Assessors estimate that the bill for the damage the incident caused will top £1m. Since the crash, Mr Streeter has spent most of his time in meetings with safety officials and inspectors who are investigating the accident.

Back in the farm office, he pores over a series of maps laid out on a covered snooker table that serves as a make-shift desk. The map shows the farm with the crash site highlighted in felt-tip pen. The enterprises are mainly combinable crops but include a 120-cow dairy herd, land farmed under a management contract, a country club and golf course.

"The plane flew over our dairy herd," says Mr Streeter. "Everybodys traumatised. The farm manager feels very bad about it."

The 20-strong RAF recovery team which has cleared the majority of the wreckage was due to leave the farm yesterday. But Mick Watkins, the RAFs aircraft recovery officer, estimates that 80t of the 377t aeroplane still need to be recovered. "We havent had anything of this magnitude since Lockerbie," he says.
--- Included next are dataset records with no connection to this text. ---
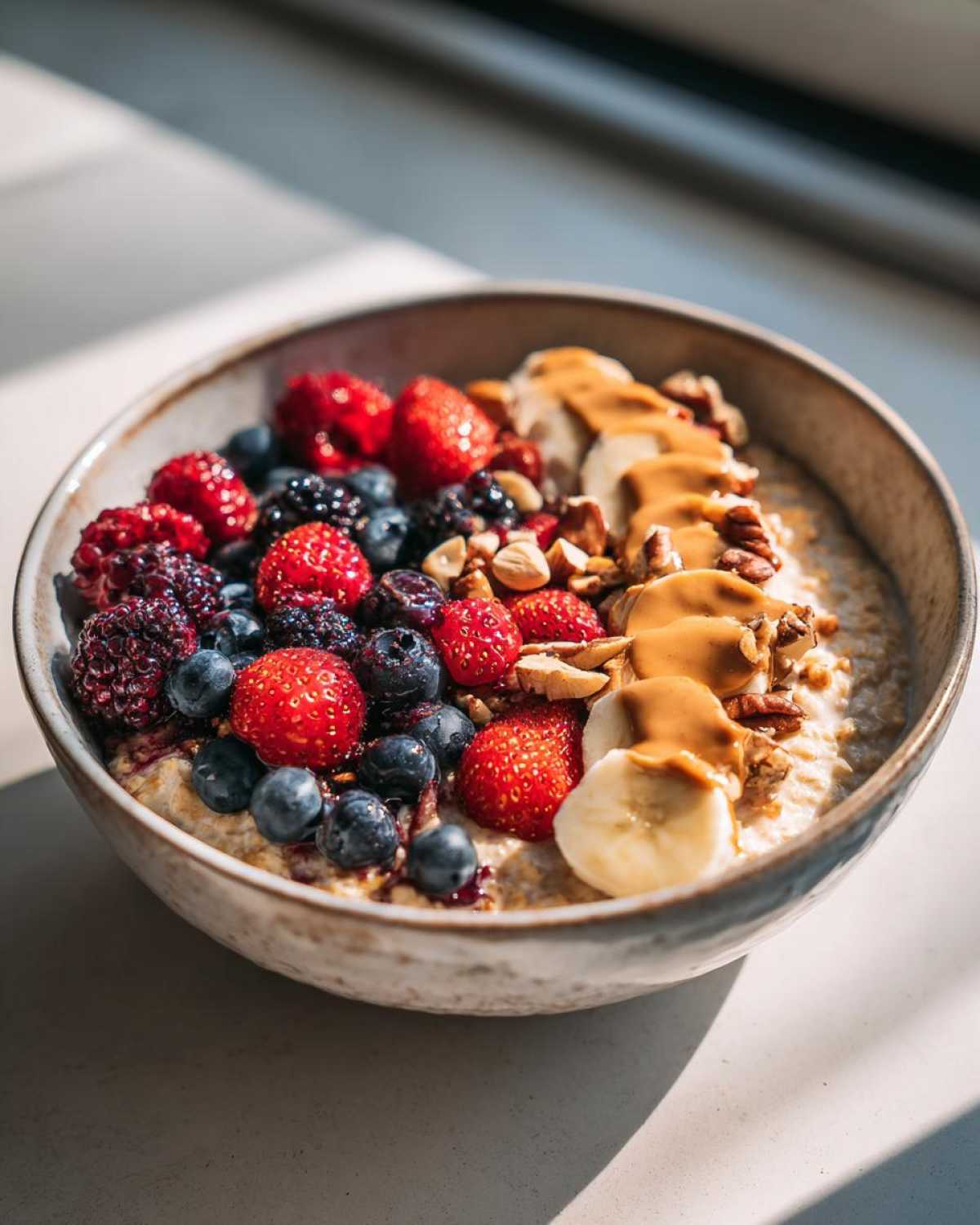 A close-up of a bowl of protein oatmeal topped with fresh mixed berries, sliced banana, nuts, and a drizzle of peanut butter.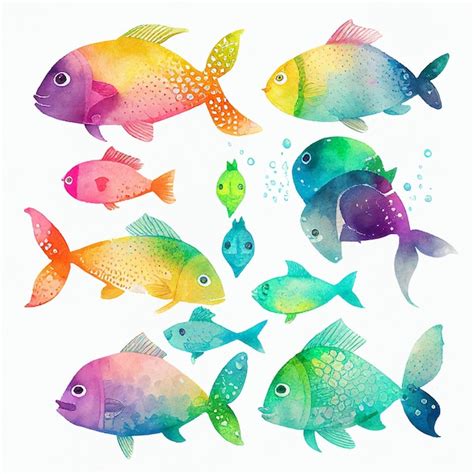 Página 2 Imágenes de Peces Colores Acuarela Descarga gratuita en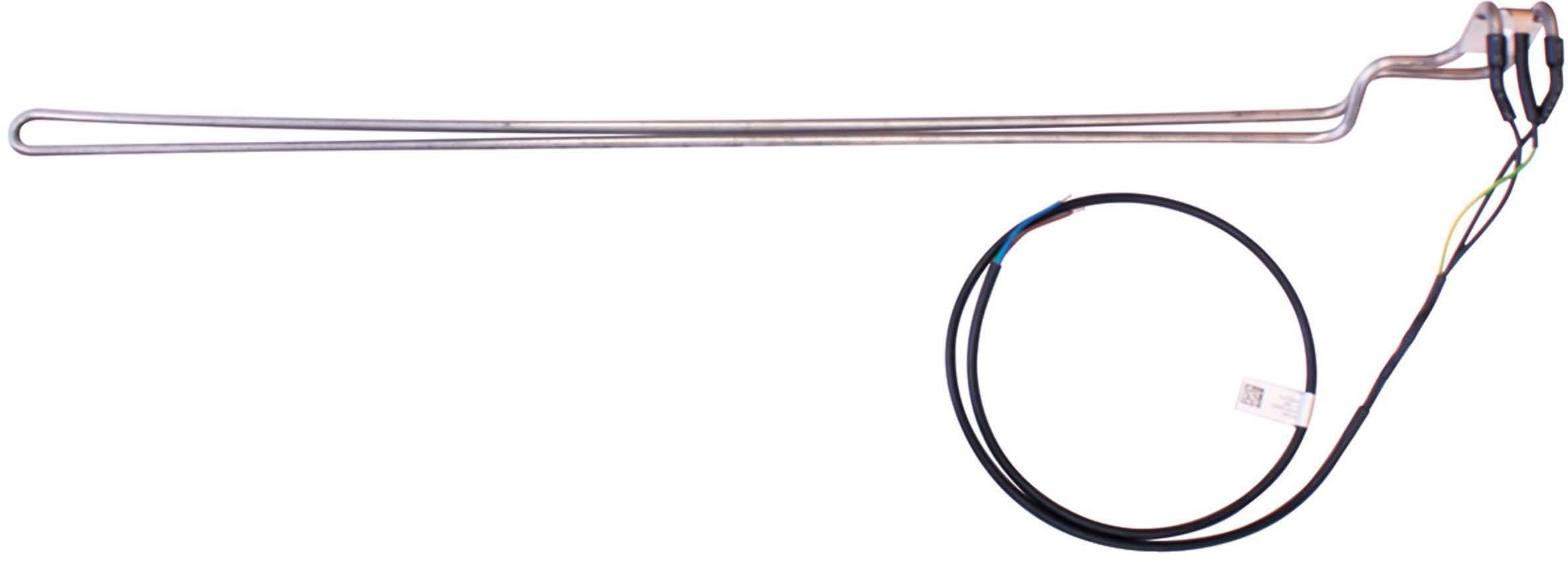Ein langes, gebogenes Metallheizelement mit angeschlossenem Kabel, wahrscheinlich Teil eines Haushaltsgeräts zur Erzeugung von Wärme.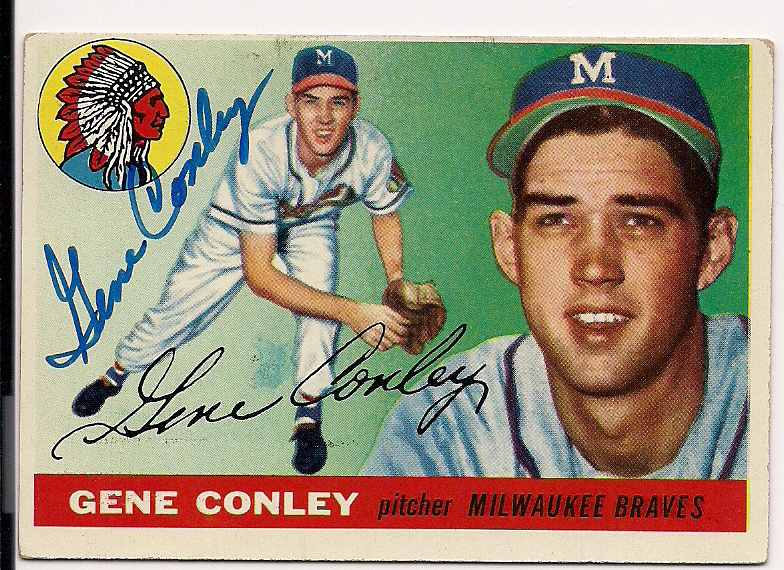Autographed 1955 Topps GENE CONLEY card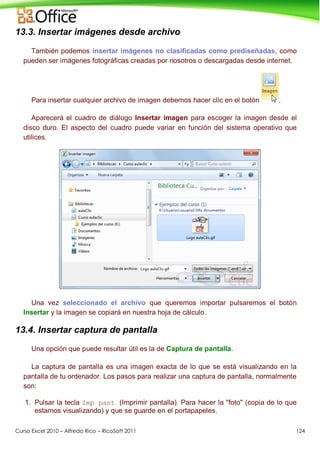 Curso Excel 2010 – Alfredo Rico – RicoSoft 2011 124
13.3. Insertar imágenes desde archivo
También podemos insertar imágenes no clasificadas como prediseñadas, como
pueden ser imágenes fotográficas creadas por nosotros o descargadas desde internet.
Para insertar cualquier archivo de imagen debemos hacer clic en el botón .
Aparecerá el cuadro de diálogo Insertar imagen para escoger la imagen desde el
disco duro. El aspecto del cuadro puede variar en función del sistema operativo que
utilices.
Una vez seleccionado el archivo que queremos importar pulsaremos el botón
Insertar y la imagen se copiará en nuestra hoja de cálculo.
13.4. Insertar captura de pantalla
Una opción que puede resultar útil es la de Captura de pantalla.
La captura de pantalla es una imagen exacta de lo que se está visualizando en la
pantalla de tu ordenador. Los pasos para realizar una captura de pantalla, normalmente
son:
1. Pulsar la tecla Imp pant (Imprimir pantalla). Para hacer la "foto" (copia de lo que
estamos visualizando) y que se guarde en el portapapeles.
 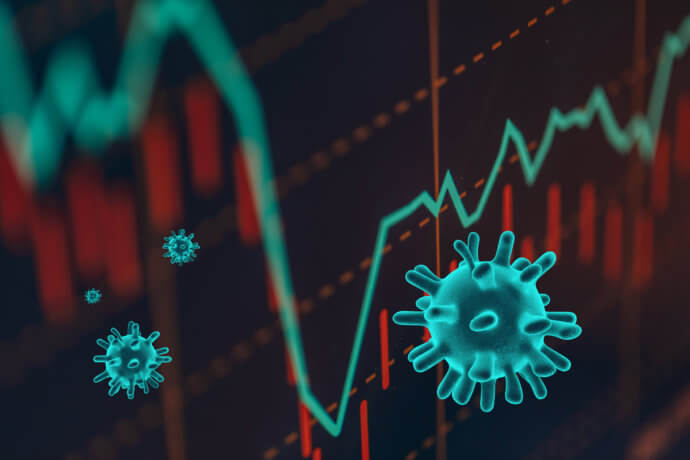 Eine graphische Darstellung des Corona-Virus (COVID 19)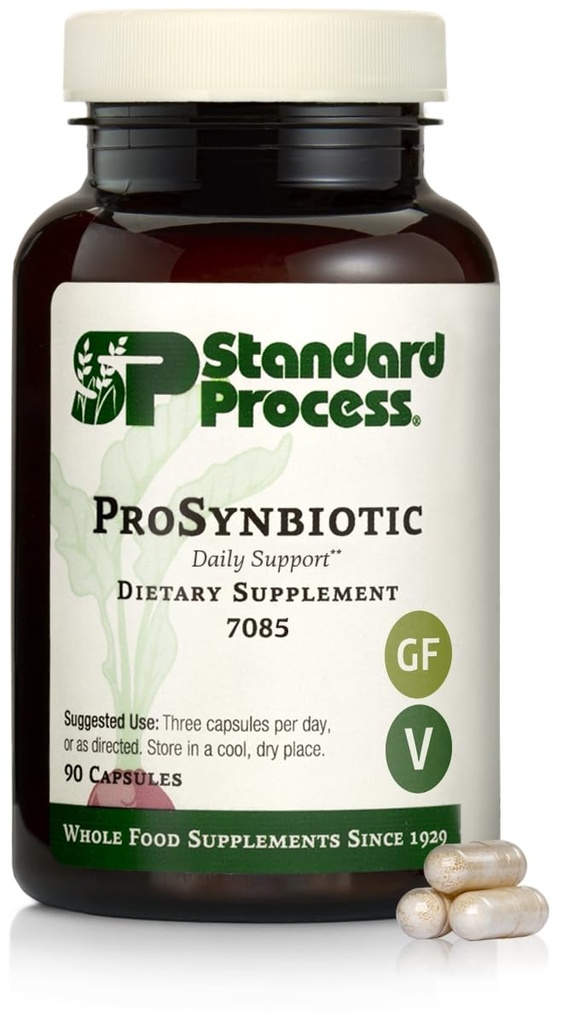 Standart Süreç ProSynbiyotik - Tüm Gıda Bowel, Immune Support, Digestion and Digestive Health with Bifidobacterium, Chicory Root, Lactobacillus Acidofilius ve Inulin - Vegetarian - 90 Capsules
The rest of the plane, including the cockpit, will be recovered by farm consultants ADAS who are branching out into environmental management. They have a tough job. On the night of the crash, it rained with burning debris for 20 minutes. Experts believe the plane would have taken out 120 houses had it hit the nearby town of Bishops Stortford.

Colin Rudd, the ADAS principal partner in charge of the operation, estimates it will take more than six months to get the aircraft remains out.

"Were in the process of assessing the situation now and characterising the area so we can do a risk assessment," he says. "It is going to take some time."

A road must be built through a recently planted field of winter beans to enable recovery equipment to reach the crash site. It is estimated that 2 acres of the field will be lost, replaced by a steady stream of 40t dumper trucks.

These days, Mr Streeter finds little time for farming. Since the crash, he has attended meeting after meeting about the accident. Today, Mr Streeter has to attend an emergency planning meeting at his local council to get permission to build the road. More than 10,000t of topsoil polluted by hydraulic oil and chemicals leaking from the wreckage must be removed.

Mr Streeter says: "More of the problems are starting now because they cant get access."

There is also the bank of the lake to sort out. It holds back up to 6m gallons of water from surrounding farmland and has been fractured. It must be dammed and partially drained so the cockpit of the plane can be removed.

Mr Streeter is unlikely to receive any money for the disruption it has caused. The insurers have classified the crash as an uninsurable loss. He says: "Were not going to get any compensation. Nobody gains out of this sort of thing."

But there is still hope that the area will again look as it once did. Mr Streeter hopes the land around the lake will be re-planted and can be turned into a memorial.

"It will be dedicated to the air crew and made open for the Korean nation," he says.

Essex farmer Andy Streeter surveys the wreckage caused by Britains first jumbo jet crash since Lockerbie in 1988.